O Farol Romano e a Igreja Saxónica

Uma das surpresas de Dover é descobrir dois milénios de história side by side no mesmo recinto. O Farol Romano (Pharos) data do século I ou II d.C. e ainda se eleva a cerca de 12 metros — o edifício romano mais alto que subsiste em Inglaterra. Ao lado ergue-se a Igreja de Santa Maria in Castro, uma das igrejas saxónicas mais bem preservadas da Inglaterra, com partes que datam do século VII. Juntos, o farol pagão e a igreja cristã contam a história da transição de Roma para o mundo medieval — um capítulo de história que raramente se vê de forma tão física e tangível.

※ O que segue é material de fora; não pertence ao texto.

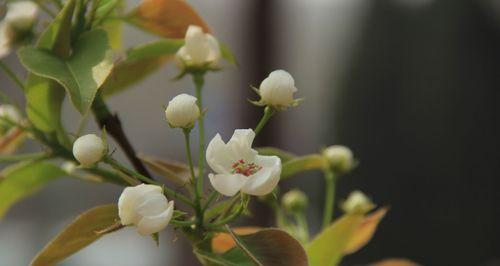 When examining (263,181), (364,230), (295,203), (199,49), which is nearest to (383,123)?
(295,203)

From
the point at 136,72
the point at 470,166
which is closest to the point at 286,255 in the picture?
the point at 136,72

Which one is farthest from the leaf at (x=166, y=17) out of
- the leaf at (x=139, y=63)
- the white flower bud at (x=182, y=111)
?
the white flower bud at (x=182, y=111)

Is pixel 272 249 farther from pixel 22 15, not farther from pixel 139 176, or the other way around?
pixel 22 15

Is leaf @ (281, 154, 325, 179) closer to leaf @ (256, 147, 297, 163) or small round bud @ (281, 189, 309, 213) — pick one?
leaf @ (256, 147, 297, 163)

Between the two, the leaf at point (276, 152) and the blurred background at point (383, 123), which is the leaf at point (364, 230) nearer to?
the leaf at point (276, 152)

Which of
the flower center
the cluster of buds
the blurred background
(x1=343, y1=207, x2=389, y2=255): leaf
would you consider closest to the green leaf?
(x1=343, y1=207, x2=389, y2=255): leaf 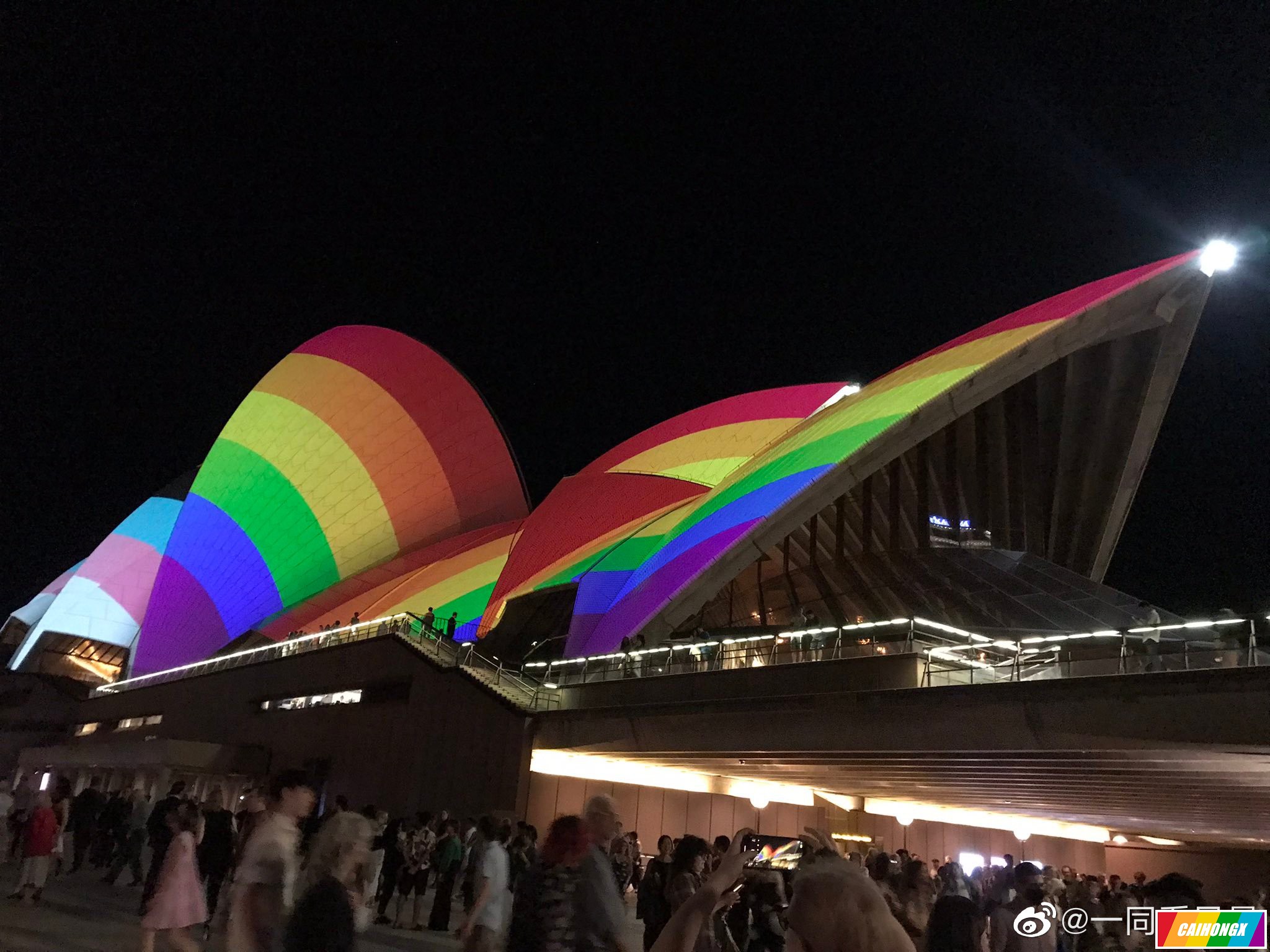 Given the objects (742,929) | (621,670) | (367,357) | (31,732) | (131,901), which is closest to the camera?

As Lendas: O Baterista Sem Cabeça

Com uma história tão violenta, Dover é inevitavelmente assombrado. A lenda mais persistente é a do Baterista Sem Cabeça. Diz-se que era um jovem baterista da era napoleónica que foi assassinado por dois soldados por dinheiro que transportava. O seu corpo foi decapitado e escondido. Em noites tranquilas, ouve-se nas ameias o som de um tambor a bater uma tatuagem lenta e rítmica. Alguns guardas relataram ter visto uma figura sem cabeça com farda vermelha a desaparecer na névoa.

Informações Práticas

Como Chegar

O Castelo de Dover fica na cidade de Dover, em Kent. Está bem assinalado a partir da A2 e da A20. A estação de comboios Dover Priory fica a cerca de 1,6 km; pode caminhar (é uma subida íngreme) ou apanhar um táxi/autocarro. O castelo tem vista sobre o porto de ferry, pelo que se podem ver os barcos a cruzar o Canal a partir das ameias.

A Vista de França

Num dia límpido, a costa de França é claramente visível a partir das ameias — a apenas 33 quilómetros. Esta proximidade explica tudo sobre a história de Dover. Durante séculos, cada invasão, cada armada, cada ameaça de guerra cruzou este estreito. Os soldados que guardavam estas muralhas não sabiam nunca quando o horizonte iria revelar uma frota inimiga. Era uma vigília sem fim, e o castelo que construíram para suportá-la é um monumento a essa tensão permanente entre a ilha e o continente.

Visita e Dicas

O local é gerido pelo English Heritage e está aberto diariamente na maior parte do ano. Devido à dimensão do local, reserve pelo menos 3 a 4 horas. As visitas guiadas aos túneis (Túneis de Guerra e Hospital Subterrâneo) podem ter longas filas no verão — dirija-se para lá assim que chegar. Não perca o Posto de Comando de Artilharia na borda da falésia, onde num dia limpo a costa de França é claramente visível a 33 quilómetros de distância — um lembrete de quão próximo estava o inimigo durante a Segunda Guerra Mundial.